This past week I returned from a three day trip to Mali, a landlocked country in West Africa and one of the poorest in the world, with over half the population living under the poverty line. While there, I met with President Amadou Toumani Toure and other officials to discuss the cooperative efforts of the government and UNICEF to improve children's health and rights.
Devastatingly, nearly one in five children in Mali do not survive to see their fifth birthday. Most of these children are dying from preventable causes like pneumonia, diarrhea and malaria, often exacerbated by malnutrition. In Mali, 32% of children under five years old are under weight.
The situation for mothers is also dire. Women in Mali have a one in 15 lifetime risk of dying of maternal related causes.
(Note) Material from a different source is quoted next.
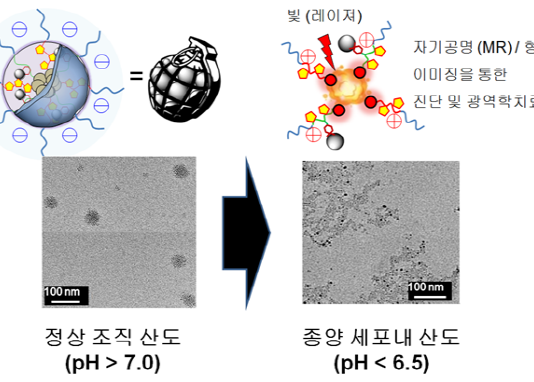 암세포 찾아 자폭하는 ‘나노 수류탄’ 개발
This compares to one in 8,000 in the industrialized world. Lack of basic health services, malnutrition, and inadequate access to clean water and basic sanitation contribute to high rates of child and maternal mortality.
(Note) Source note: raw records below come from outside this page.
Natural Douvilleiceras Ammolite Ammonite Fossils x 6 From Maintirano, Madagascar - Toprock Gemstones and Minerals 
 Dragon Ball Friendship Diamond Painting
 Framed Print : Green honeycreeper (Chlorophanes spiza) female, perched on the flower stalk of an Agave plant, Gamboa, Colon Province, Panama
UNICEF and other partners are working closely with the government of Mali to help improve conditions so that children have a healthier start in life.
We have seen significant progress in some areas, particularly with programs to combat malaria, which is one of the biggest killers of children in Mali. Today, the country has one of the highest rates of insecticide-treated bed-net coverage in Africa, with 78% of children under age five currently sleeping under a bed-net.
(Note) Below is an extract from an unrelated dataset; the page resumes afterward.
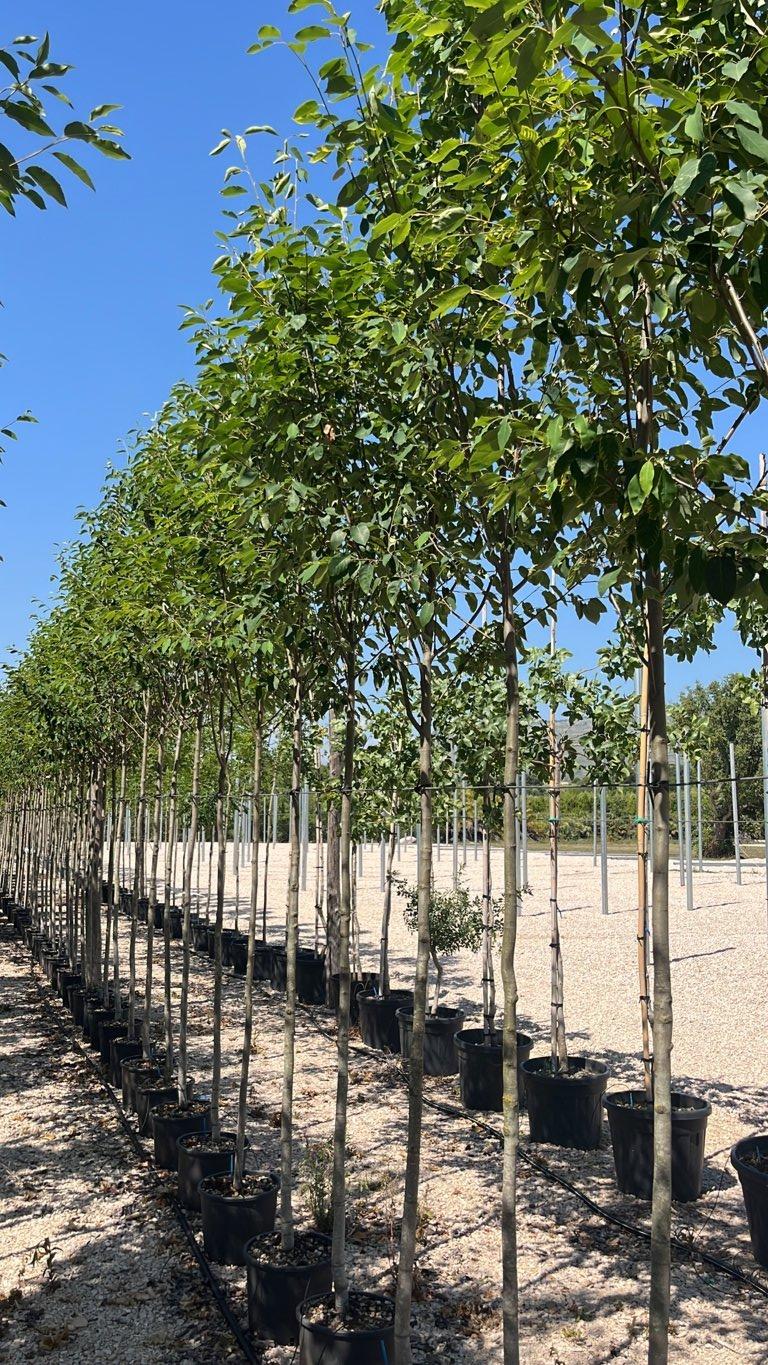 Amelanchier Arborea Robin Hill (Pero corvino) — Albero, circonferenza 8/10 cm, vaso 15 litri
In other areas, such as addressing harmful practices, there is still a great deal of work to be done. Child labor, early marriage and female-genital cutting are all common practices in Mali. In fact, approximately 85% of all women and girls undergo genital cutting, which can lead to fatal hemorrhaging and other serious health issues.
What's more, approximately 71% of girls are married before age of 18 with an estimated 30% of those being under the age of fifteen. Poverty and ignorance, combined with deep rooted cultural beliefs, make addressing early marriage and female-genital cutting difficult, but more progress must be made. Government recognition, along with increased education and more awareness, are keys to helping break these traditions that rob girls of their youth, their innocence and often their lives.
But the devastation the region suffers doesn't end there. We also saw first-hand the impact of climate change on children and the region as a whole. In the ancient town of Timbuktu branches of the Niger River have dried up due to drought and the much of the land is now arid and unable to yield crops.
We toured a food for work program, supported by the World Food Program, where women grow vegetables and rice on land that has been reclaimed from the advancing desert. These women are also planting trees as part of a reforestation effort. They are empowered to produce needed food while adapting to the impact of climate change.
As we approach the Copenhagen Climate Change summit, it is critically important to recognize that climate change is adversely affecting the lives of the world's poorest and most vulnerable people. Additionally, with the anniversary commemorating the 20th anniversary of the Convention on the Rights of the Child, the plight of Mali is a clear reminder that we must continue to focus our collective efforts on helping the poorest and most vulnerable regions of the world and bring renewed hope and relief to the millions of children in need.